**DATA FOR PROCESSING**
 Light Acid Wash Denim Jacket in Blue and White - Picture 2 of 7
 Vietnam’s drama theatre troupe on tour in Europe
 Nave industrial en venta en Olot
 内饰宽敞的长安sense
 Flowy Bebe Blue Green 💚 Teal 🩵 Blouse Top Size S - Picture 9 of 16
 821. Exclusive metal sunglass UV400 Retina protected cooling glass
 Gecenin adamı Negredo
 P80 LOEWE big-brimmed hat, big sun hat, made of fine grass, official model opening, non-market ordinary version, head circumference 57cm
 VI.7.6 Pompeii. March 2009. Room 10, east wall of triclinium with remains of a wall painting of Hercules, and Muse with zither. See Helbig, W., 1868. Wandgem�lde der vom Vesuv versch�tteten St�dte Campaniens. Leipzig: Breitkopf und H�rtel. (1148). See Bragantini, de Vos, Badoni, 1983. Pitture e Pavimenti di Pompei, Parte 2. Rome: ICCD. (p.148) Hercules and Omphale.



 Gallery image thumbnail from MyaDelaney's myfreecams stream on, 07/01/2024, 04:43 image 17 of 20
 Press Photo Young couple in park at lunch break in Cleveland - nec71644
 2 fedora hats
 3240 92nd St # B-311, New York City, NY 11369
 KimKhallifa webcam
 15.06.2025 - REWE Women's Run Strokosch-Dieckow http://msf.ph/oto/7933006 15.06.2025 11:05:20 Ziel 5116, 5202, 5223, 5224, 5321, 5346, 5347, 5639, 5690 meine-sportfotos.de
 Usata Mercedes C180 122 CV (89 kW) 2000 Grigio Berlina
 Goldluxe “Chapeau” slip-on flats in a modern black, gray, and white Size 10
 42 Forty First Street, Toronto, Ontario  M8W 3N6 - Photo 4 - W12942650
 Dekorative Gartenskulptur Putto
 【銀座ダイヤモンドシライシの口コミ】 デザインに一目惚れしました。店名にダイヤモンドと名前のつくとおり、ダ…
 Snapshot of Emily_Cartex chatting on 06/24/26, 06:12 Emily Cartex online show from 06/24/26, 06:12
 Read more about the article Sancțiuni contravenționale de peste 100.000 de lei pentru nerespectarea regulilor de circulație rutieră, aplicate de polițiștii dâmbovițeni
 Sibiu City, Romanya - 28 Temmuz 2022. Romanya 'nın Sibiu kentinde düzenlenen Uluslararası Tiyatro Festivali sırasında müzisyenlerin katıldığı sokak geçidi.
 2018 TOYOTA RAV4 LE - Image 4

**THE PROBLEM**
Some lines above contain the word "Size". Copy each of them.

**ANSWER SPACE**
 Flowy Bebe Blue Green 💚 Teal 🩵 Blouse Top Size S - Picture 9 of 16
 Goldluxe “Chapeau” slip-on flats in a modern black, gray, and white Size 10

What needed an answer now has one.